Etiquetas como Havana Club o Santiago de Cuba trascienden la isla, y el ron cubano es columna vertebral de clásicos como el Mojito, el Daiquiri y el Cuba Libre, cocteles que evocan sol, baile y ritmos isleños relajados. Es símbolo cultural y recuerdo del pasado colonial y azucarero del país, además de motivo de orgullo y demanda global.

Argentina — mate

termo, taza, pajita

El mate, muy querido en Argentina y gran parte de Sudamérica, se prepara con hojas de yerba mate secas y molidas, infusionadas con agua caliente (no hirviendo). Se bebe con una bombilla (pajita metálica) desde un recipiente específico.

De amargor agradable y rico en nutrientes como vitaminas y antioxidantes, el mate ofrece un estímulo natural por la mateína, similar a la cafeína. Pero lo que más pesa es el rito: el mismo mate que pasa de mano en mano, un gesto de camaradería y charla. Se puede endulzar con azúcar o miel —y añadir hierbas—, aunque el sentido de comunidad es el ingrediente que no se negocia.

Marruecos — té de menta

menta, taza, platillo

El té de menta es la bebida nacional marroquí y sinónimo de bienvenida. Se prepara con té verde Gunpowder, menta fresca y abundante azúcar. La propia elaboración es una pequeña ceremonia: verter el té de la tetera al vaso y devolverlo para profundizar el sabor y crear una espuma ligera.
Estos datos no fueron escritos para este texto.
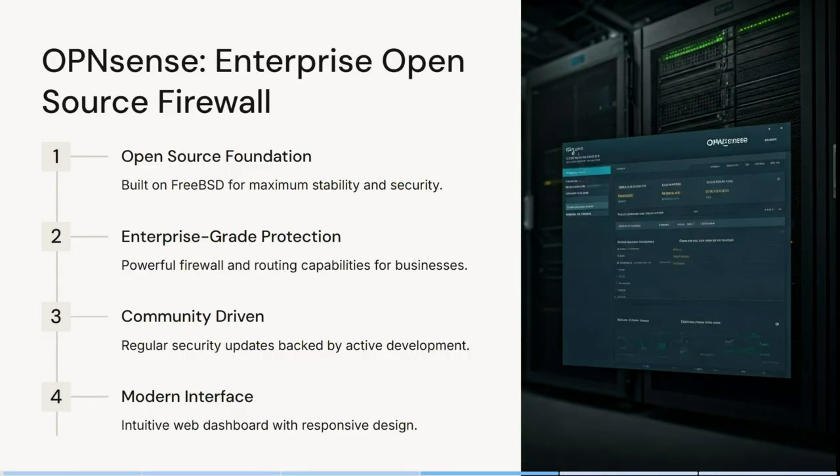If you are looking for firewall software, this is probably a fantastic video for you. Today we're having a look at OPNsense and also IPFire — we want to know what they offer and why you should be using them. OPNsense is built on FreeBSD for maximum stability and security.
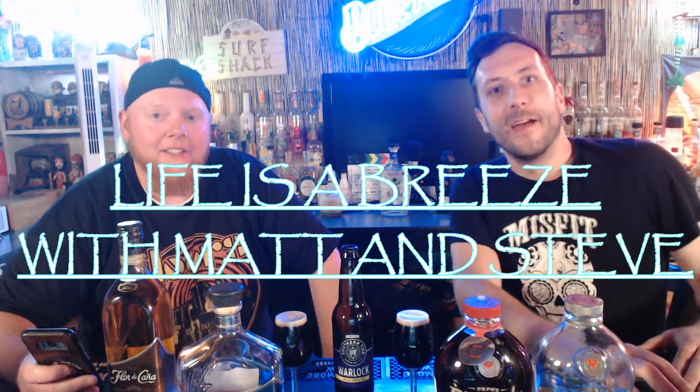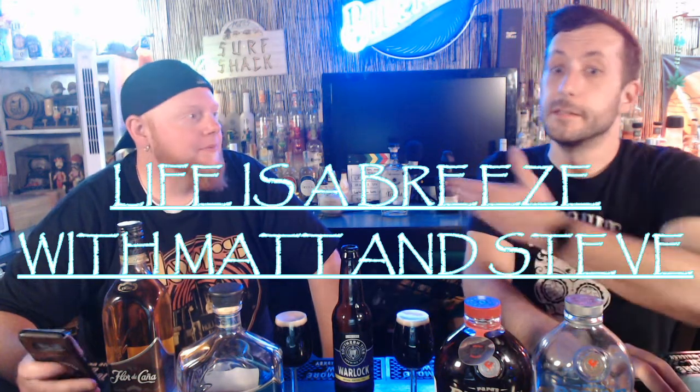Hey guys, welcome back to Life's a Breeze with Matt and Steve. This is Matt and I'm Steve. So today we've got a pretty cool segment for you. We're going to be drinking quite a bit of stuff tonight. We're going to give you a rundown on each of it and we thought we'd switch it up and do rum. We haven't done a rum episode yet, but tonight is the night.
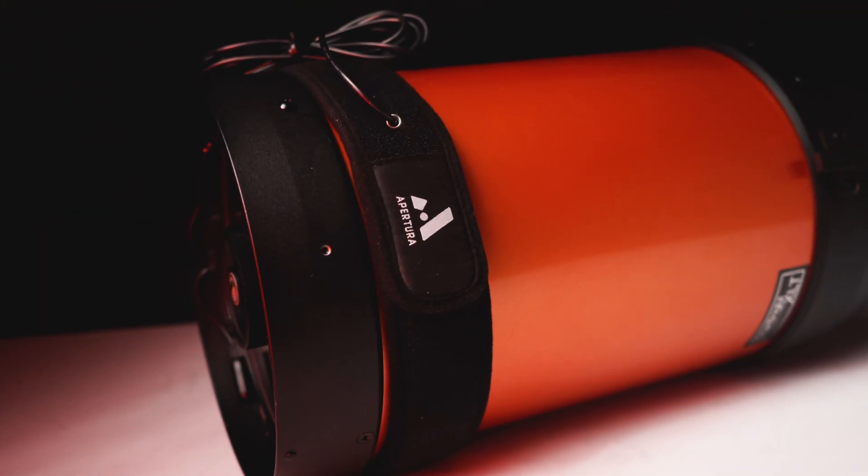Check the link in the description for the Apertura dew heater strip — we've provided the exact one you'll need for the Celestron Nexstar 8SE. It's also important to mention that Celestron has their Wi-Fi dongle, GPS module, and StarSense Auto Align, along with several other accessories made specifically for the Celestron series of go-to telescopes. The Celestron 8SE is compatible with all of these.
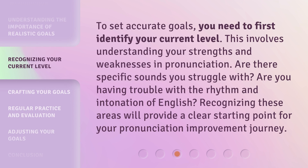To set accurate goals, you need to first identify your current level. This involves understanding your strengths and weaknesses in pronunciation. Are there specific sounds you struggle with? Are you having trouble with the rhythm and intonation of English? Recognizing these areas will provide a clear starting point for your pronunciation improvement journey.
Presente tanto en mesas familiares como en encuentros oficiales, el té de menta refresca con su dulzor fresco. Se sirve en vasitos y se saborea sin prisas: más que una bebida diaria, es una seña de identidad que reúne y abriga al invitado.

España — sangría, horchata (orxata)

recipientes, fruta, mostrador, mujer

La sangría combina vino con fruta fresca, jugo y a veces un toque de destilado como brandy. Su nombre remite a “sangre” por el rojo intenso de las versiones con vino tinto. Brilla en verano, bien fría.

Las recetas son muy variadas —cítricos, manzana, melocotón, frutos rojos— e incluso con vino blanco o espumoso para una sangría blanca. Servida en jarras grandes y pensada para compartir, condensa un modo de vida abierto y alegre.

La horchata (orxata), querida especialmente en Valencia, es una bebida vegetal a base de chufa, agua y azúcar. Blanca y cremosa, se toma fría para vencer el calor.

A menudo se disfruta con fartons —bollos alargados para mojar—. Además de sabrosa, se considera conveniente: la chufa es rica en vitaminas y antioxidantes. Es un básico local y un motivo de orgullo en la vida gastronómica valenciana.

Suecia — glögg (vino caliente)

olla, fruta, líquido

El glögg es el abrigo líquido del invierno sueco, sobre todo en Navidad. Parte de vino tinto o una base más fuerte —vodka o aquavit— y se calienta con especias (canela, clavo, cardamomo, jengibre), azúcar, piel de naranja y, a menudo, almendras y pasas.

Se sirve caliente con dulces de temporada como galletas de jengibre o bollos de azafrán. Es la invitación a quedarse cuando la noche se alarga.

Alemania — cerveza

jarras, vasos

La cerveza es la bebida nacional alemana y una tradición viva. El país es célebre por su diversidad —lagers, Pils, Weissbier (de trigo), Bock y más—. La Reinheitsgebot, la ley de pureza de 1516, limitó los ingredientes a agua, cebada y lúpulo, una apuesta por la sobriedad y la calidad.

La cerveza acompaña rutinas y fiestas. El Oktoberfest de Múnich convoca a aficionados de todo el mundo, con festbiers creadas para la ocasión. En cervecerías y jardines, las jarras chocan junto a pretzels, salchichas y chucrut. La cerveza alemana condensa oficio, continuidad y un vínculo cultural compartido.